When you find out someone or something suddenly died, it’s shocking. But never have I felt the heaviness of having a hand in it. 

This was new. One second there was a fox, living a life in the tall grasses of Hudson. The next, it was crushed, another dead animal in the road, this time behind a car I navigated. 

I cried hysterically. Shaking, Lindsey holding the wheel, while I continued to push the gas. 

Surely, I couldn’t hit an animal twice. I had never hit an animal in my life. Two times in 24 hours would be insane, I found myself thinking all day as I drove through upstate New York with a fresh fear racing through my mind. I replayed the moment of impact over and over.

I felt sick, unsure I could overcome the deep pit in my stomach. I wanted to talk about it, I wanted someone to tell me it was ok. I couldn’t believe it happened. It happened so fast. Could I just pretend it didn’t?

I felt a similar feeling when I watched my dad die, shocked that someone could be here one second and gone the next. It felt impossible that my father, someone who had been with me since I was born, who I looked up to and needed, could be unreachable and forever inaccessible in the time it took for him to heave one final breath. 

I remember, once I went back to college, feeling like I could almost convince myself it hadn’t happened. In another life, he was at work. In a meeting. Maybe on a plane to Romania for business. 

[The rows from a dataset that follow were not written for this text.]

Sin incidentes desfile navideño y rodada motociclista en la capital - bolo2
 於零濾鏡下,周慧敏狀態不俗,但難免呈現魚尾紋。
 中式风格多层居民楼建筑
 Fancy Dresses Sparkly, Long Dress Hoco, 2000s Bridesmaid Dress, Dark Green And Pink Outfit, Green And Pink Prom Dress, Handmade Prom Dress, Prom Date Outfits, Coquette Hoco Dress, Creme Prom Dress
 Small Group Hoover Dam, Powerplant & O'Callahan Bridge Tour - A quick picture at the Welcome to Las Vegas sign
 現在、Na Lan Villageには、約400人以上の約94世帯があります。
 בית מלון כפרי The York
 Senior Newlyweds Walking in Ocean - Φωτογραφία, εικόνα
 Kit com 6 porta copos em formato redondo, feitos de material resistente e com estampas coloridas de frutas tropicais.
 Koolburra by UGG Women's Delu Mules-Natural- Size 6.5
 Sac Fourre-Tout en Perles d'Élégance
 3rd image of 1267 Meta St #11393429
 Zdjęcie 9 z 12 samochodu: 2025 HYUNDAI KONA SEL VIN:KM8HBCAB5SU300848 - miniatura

Obviously, the grief I felt after killing the fox doesn’t, and didn’t, compare to the life-altering grief of losing my dad, but it was a reminder of how quickly things can happen. How quickly tragedy can strike. How quickly everything can change. 

Something must be in the air because yesterday, while driving from Bushwick to Bed Stuy, I almost hit a biker. I was driving back from my studio when he shot out across the intersection. I slammed on my breaks, as did he, sliding up on one wheel as we both did everything we could to avoid contact. A moment that brought us fully into the present. 

My first instinct was anger, my light was green! But as I looked at him, shouting apologies through my passenger side window that still refuses to open, I instantly started apologizing too. 

How quickly things can happen. How quickly tragedy can strike.

We drove off, both shaken, but alright.  

And how quickly things can be ok again.